I don't think this code should compile. You can't bind a reference to a temporary unless it's const. And if it was const the temporary should be kept alive until the end of the function expression. Just the same as a local variable defined within it.
What happens to the reference in function parameter, if it gets destroyed when the function returns, then how const int *i is still a valid pointer?
const int* func(const int &x = 5)
{
return &x;
}
int main()
{
const int *i = func();
}
§12.2/5:
"A temporary bound to a reference parameter in a function call (5.2.2) persists until the completion of the full expression containing the call."
That means as i is being initialized, it's getting the address of a temporary object that does exist at that point. As soon as i is initialized, however, the temporary object will be destroyed, and i will become just another dangling pointer.

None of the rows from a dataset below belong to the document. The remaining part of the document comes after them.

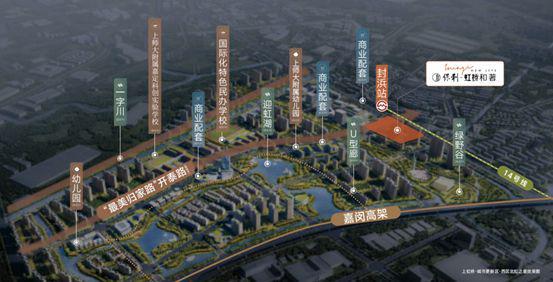 ®保利虹桥和著售楼处发布保利虹桥和著网站：豪宅典范(图20)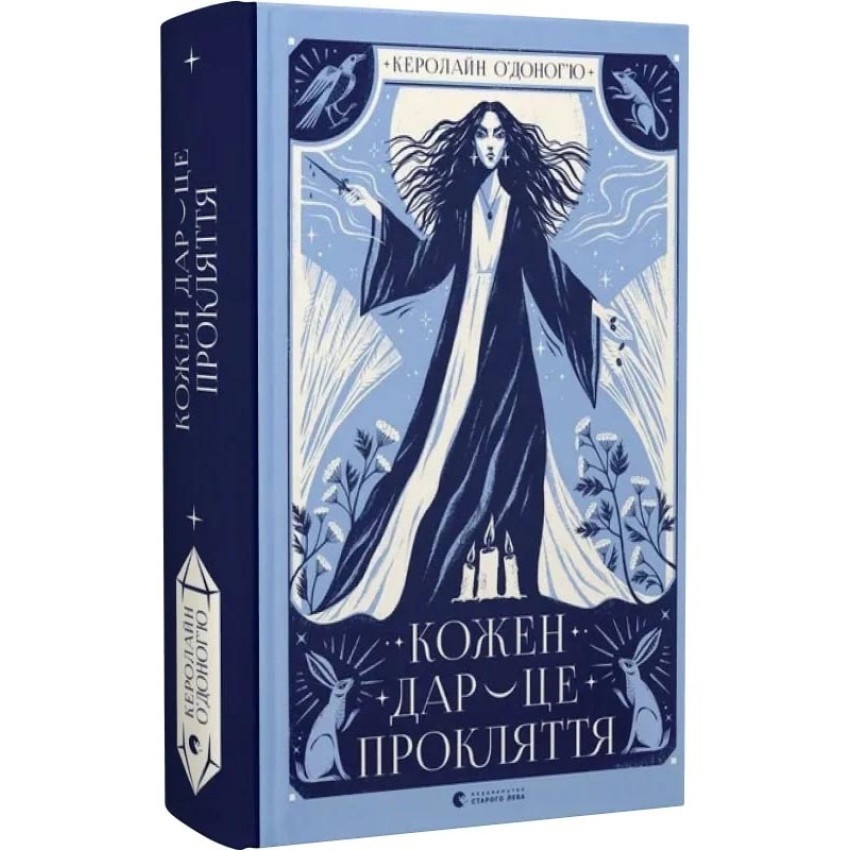 Кожен дар — це прокляття — Керолайн О Доногью | Видавництво Старого Лева, книга українською, нова, тверда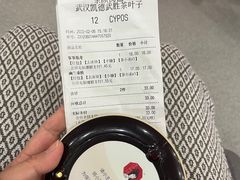 -凯德广场(武胜路店)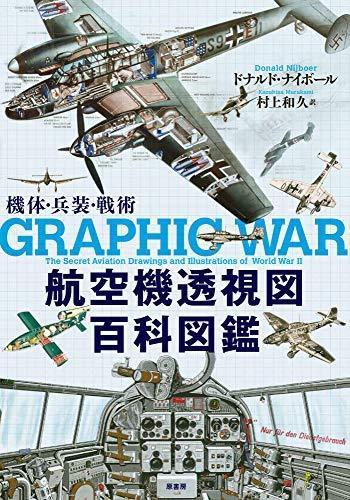 Graphic War Ther Secret Aviation Drawings And Illustrations Of World War Ii - Japan Figure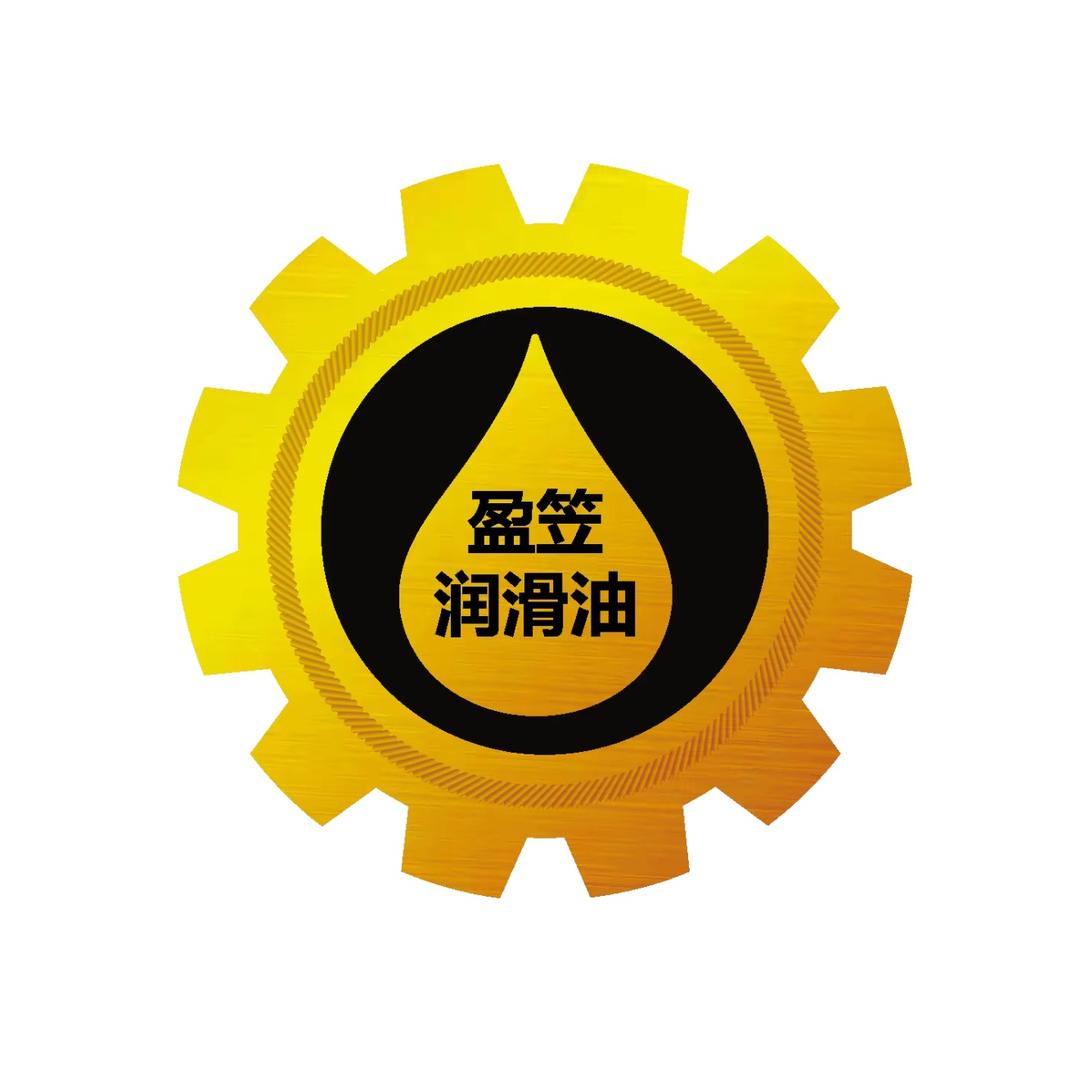 盈笠润滑油销售部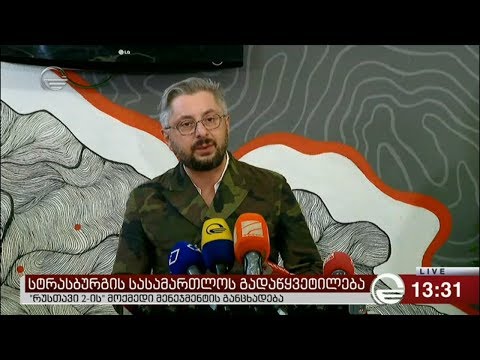 ნიკა გვარამია სტრასბურგის გადაწყვეტილება შოკისმომგვრელი და აბსოლუტურად წარმოუდგენელია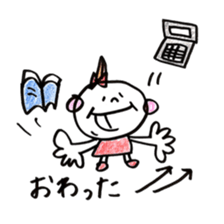 Fukuoka girl5 sticker #6485164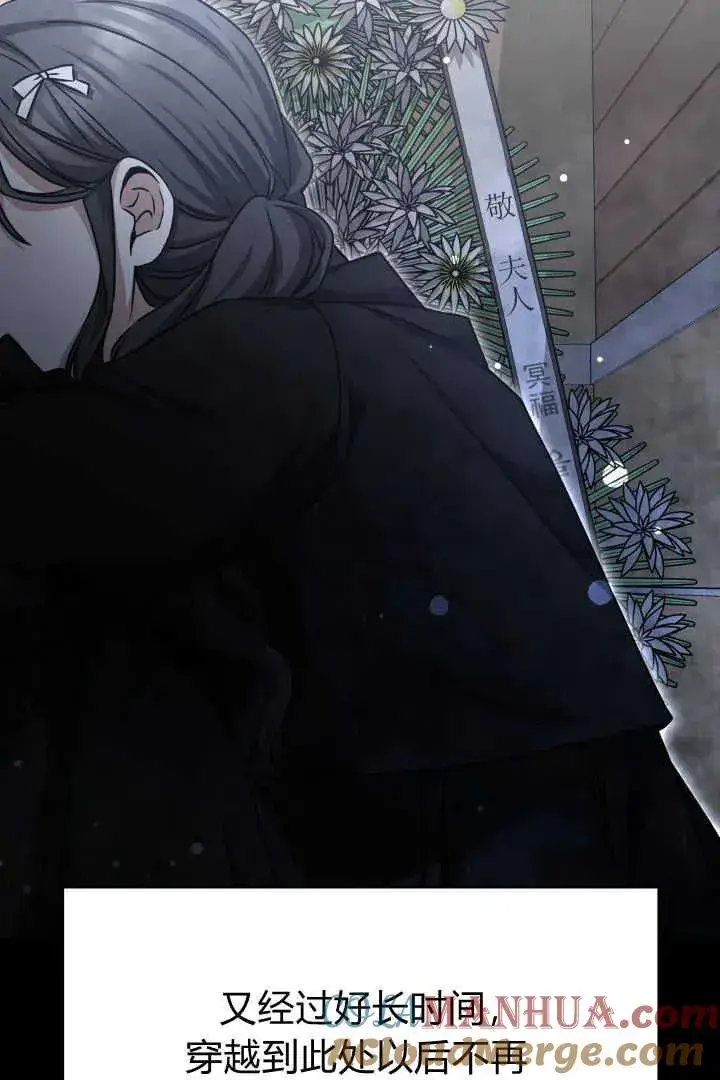 漫画《作为监禁物的女仆生活》第41话第49张图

As such, yes, the function is valid -- but with the surrounding code as you've written it, any code you added afterward that attempted to dereference i would give undefined behavior.
Just because a pointer has a value doesn't mean it's a valid pointer.
In this case it holds an address which used to be that of x, and chances are that address still has the value 5, but it's not valid pointer and you can't count on that value being there.
int i points to a patch of memory that is unsafe to access, it is not a valid pointer.
the variable "i" is still a pointer, but even reading the value it points to will give you undefined behavior. That's why you should never write a function like func.
I think that x is created as an un-named temporary on the stack in setting up the call to func(). This temporary will exist until at least the end of the statement in the caller. So the int* i is perfectly valid. It only ceases to be valid at the end of the statement - which means that you cannot use it.
There is something in the standard about un-named temporaries being retained until the last reference to them goes out of scope, but I don't think it covers this explicit and hidden indirection.
[ Happy to have someone tell me otherwise.]
5 is program data. It is in the data segment, not the stack or heap.
So a pointer or reference to it will remain valid for the duration of the program.
Default arguments are evaluated every time the function is called, so the call func() is actually func(5) which is binding a temporary to a reference-to-const. The lifetime of that temporary is then extended till the end of the function and the object is destroyed. Any pointer to this object after that is invalid and dereferencing it is undefined behaviour.